Bases: sage.crypto.lwe.RingLWE

Ring-LWE oracle with parameters as in [LP2011].

__init__(N, delta=0.01, m=None)

Construct a Ring-LWE oracle in dimension n=phi(N) where the modulus q and the stddev of the noise is chosen as in [LP2011].

INPUT:

  • N - index of cyclotomic polynomial (integer > 0, must be power of 2)

  • delta - error probability per symbol (default: 0.01)

  • m - number of allowed samples or None in which case 3*n is used (default: None)

EXAMPLES:

sage: from sage.crypto.lwe import RingLindnerPeikert
sage: RingLindnerPeikert(N=16)
RingLWE(16, 1031, Discrete Gaussian sampler for polynomials of degree < 8 with σ=2.803372 in each component, x^8 + 1, 'noise', 24)
class sage.crypto.lwe.UniformNoiseLWE(n, instance='key', m=None)

Bases: sage.crypto.lwe.LWE

LWE oracle with uniform secret with parameters as in [CGW2013].

__init__(n, instance='key', m=None)

Construct LWE instance parameterised by security parameter n where all other parameters are chosen as in [CGW2013].

INPUT:

  • n - security parameter (integer >= 89)

  • instance - one of

    • “key” - the LWE-instance that hides the secret key is generated

    • “encrypt” - the LWE-instance that hides the message is generated (default: key)
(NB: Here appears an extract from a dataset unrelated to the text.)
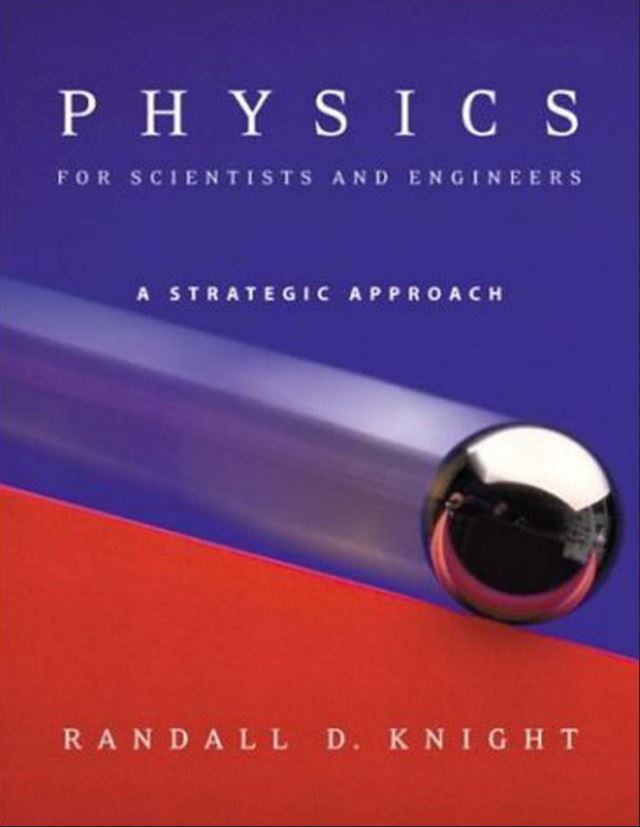 Physics for Scientist and Engineers: A Strategic Approach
  • m - number of allowed samples or None in which case m is chosen as in [CGW2013]. (default: None)

EXAMPLES:

sage: from sage.crypto.lwe import UniformNoiseLWE
sage: UniformNoiseLWE(89)
LWE(89, 64311834871, UniformSampler(0, 6577), 'noise', 131)
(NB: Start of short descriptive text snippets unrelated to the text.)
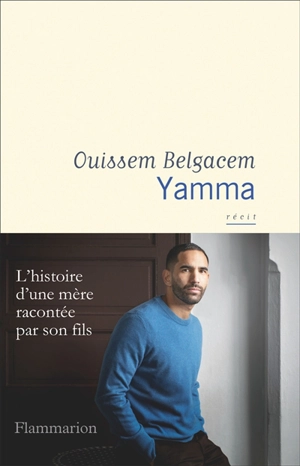 Yamma : récit - Ouissem Belgacem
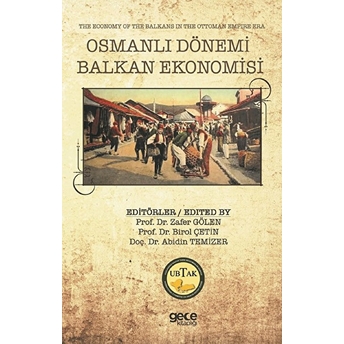 Osmanlı Dönemi Balkan Ekonomisi - The Economy Of The Balkans In The Ottoman Empire Era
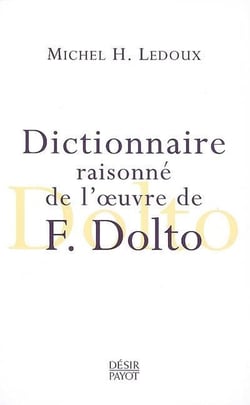 Dictionnaire raisonné de l'oeuvre de F. Dolto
sage: UniformNoiseLWE(89, instance='encrypt')
LWE(131, 64311834871, UniformSampler(0, 11109), 'noise', 181)
class sage.crypto.lwe.UniformPolynomialSampler(P, n, lower_bound, upper_bound)

Bases: sage.structure.sage_object.SageObject

Uniform sampler for polynomials.

EXAMPLES:

sage: from sage.crypto.lwe import UniformPolynomialSampler
sage: UniformPolynomialSampler(ZZ['x'], 8, -2, 2)()
-2*x^7 + x^6 - 2*x^5 - x^3 - 2*x^2 - 2
__init__(P, n, lower_bound, upper_bound)

Construct a sampler for univariate polynomials of degree n-1 where coefficients are drawn uniformly at random between lower_bound and upper_bound (both endpoints inclusive).

INPUT:

  • P - a univariate polynomial ring over the Integers

  • n - number of coefficients to be sampled

  • lower_bound - integer

  • upper_bound - integer

EXAMPLES:

sage: from sage.crypto.lwe import UniformPolynomialSampler
sage: UniformPolynomialSampler(ZZ['x'], 10, -10, 10)
UniformPolynomialSampler(10, -10, 10)
__call__()

Return a new sample.

EXAMPLES:

sage: from sage.crypto.lwe import UniformPolynomialSampler
sage: sampler = UniformPolynomialSampler(ZZ['x'], 8, -12, 12)
sage: sampler()
-10*x^7 + 5*x^6 - 8*x^5 + x^4 - 4*x^3 - 11*x^2 - 10
class sage.crypto.lwe.UniformSampler(lower_bound, upper_bound)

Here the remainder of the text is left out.